Denizer, oyunda tarih boyunca süregiden hukuksuzluklardan bahsedildiğini, ancak Türkiye'yle bir alakası olmadığını söylüyor. "Şunu teklif eden oldu. 'Oyunun adını değiştirin, öyle oynayın' dediler. Değiştirmedik, onlar da salonu açmadı" diyor.
Tüm bunlar, özel tiyatroların repertuarlarını, tiyatro anlayışlarını da etkiliyor. Pek çok oyuncu ve yönetmen, "Başıma bir iş gelir mi?" endişesiyle otosansür uyguluyor. Bazıları bunu inkar etmiyor.

İstanbul'da adı "Küçük Salon" gibi, 35-40 kişilik bir sahnede yenilikçi ve deneysel oyunlar sergileyen yönetmen Emre Tandoğan, bunlardan biri. Tandoğan, "Söylediklerinizden otosansür uyguladığınız sonucunu çıkarabilir miyiz?" sorusunu, "Kesinlikle çıkarabiliriz. Ne kadar karşısında olsam da farkında olmadan, mutlaka uygulamışımdır. Bu, istemeden işliyor kimliğinize" diye yanıtlıyor.

İŞSİZ KALMA KORKUSU

Özel tiyatro sanatçılarının en büyük kaygısı, sahnelerinin kapanabileceği ya da oyuncularının geçimini büyük oranda sağladığı dizilerde, gişe filmlerinde yer bulamayabileceği düşüncesi.
Erdem Akakçe, geçen yıl 11 ayını işsiz geçiren oyunculardan. "Bunun siyasi konjonktürle ilgili olduğunu düşünmek istemiyorum" diyor. "Ama" diye ekliyor, "iki kardeş koalanın maceralarını oynasam, birileri bundan rahatsız olabilir ve benim bir oyuncu olarak devam edememe ihtimalimi doğurabilir."

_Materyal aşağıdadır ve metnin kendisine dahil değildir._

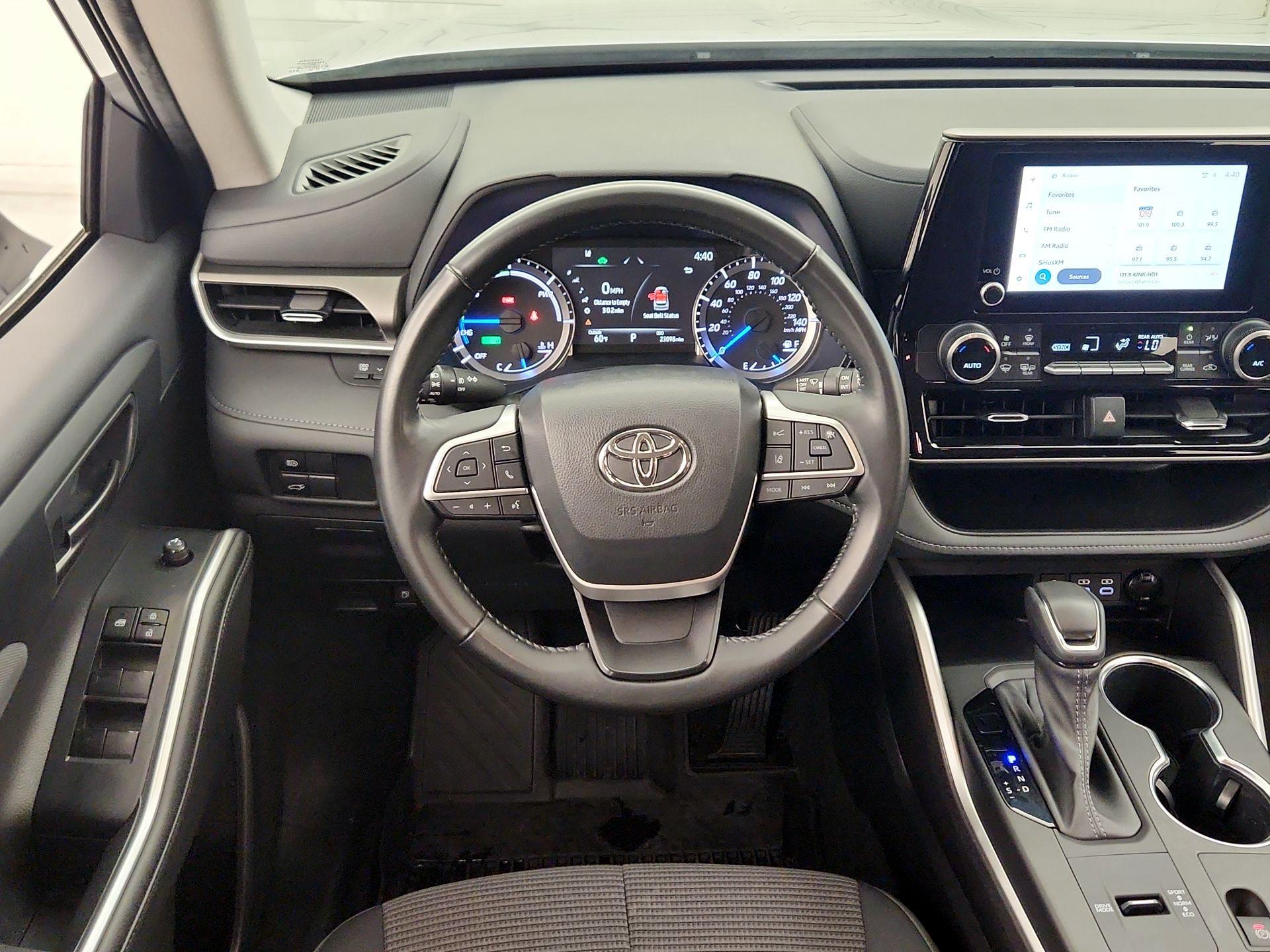 Thumbnail: 2023 Toyota Highlander - 10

1980 darbesi döneminde ihraç edilip sonradan görevine dönen yönetmen Orhan Alkaya, tiyatroda bugün o dönemden farklı olarak daha fazla korku ekseni gördüğünü söylüyor. Bundan endişeli ama, umudunu koruyor:

"2008 yılında 27 Mart Dünya Tiyatro Günü Ulusal Bildirisi’ni ben kaleme almıştım. Orada söylemiştim: 'Tiyatro ümitsizliğin reddidir, çünkü oyun daima başlar.' Sonuç itibarıyla, bütün sıkıntılara karşın yola devam edilecek."